The algorithms for multiplication in Computer science does not have bit restriction either. It is a trade-off of memory usage. Today the multiprecision multiplication algorithm is known to be bound in O(n log n*2^(log * n)), where n is the total bit length of the input numbers: say the product of two 2048 bit long numbers. So you are here talking about the product of number in the range of 2 to power 2048. The time required in this case is: k*4096*20*4, where k is a constant.
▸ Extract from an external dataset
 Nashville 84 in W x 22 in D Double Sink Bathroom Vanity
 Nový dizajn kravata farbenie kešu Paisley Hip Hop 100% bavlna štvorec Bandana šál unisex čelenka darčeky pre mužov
The implementation of multiplication in computer, especially on the chip level, usually only implement simple multiplication algorithm with the bit restriction. It is because the complicated multiprecision algorithm requires extra-accounting steps to manage data structures and memory usage and etc. These accounting steps also takes time, therefore, for small number say in the range of 2^64, there is no need for that, and in fact, it will only make the it slower. However, the typical algorithm including the one presented by “屎叫兽" requires O(n^2) steps, so for the number of 2^4096, “屎叫兽"'s method require 4096^2. He's so call speed algorithm only provides a linear speed up, so essentially, it is the trivial shift and add algorithm. It is meaningless.

As for kind,
you can specified in FORTRAN like:

代码:

INTEGER(KIND=36) :: a = 123456789123456789, b = 987654321987654321, c
c = a*b
print c

Will do just fine, and in this case, it will be faster than 屎叫兽's method, because typically these type of operation is done using Karatsuba algorithm. For number this large, 屎叫兽 can't handle.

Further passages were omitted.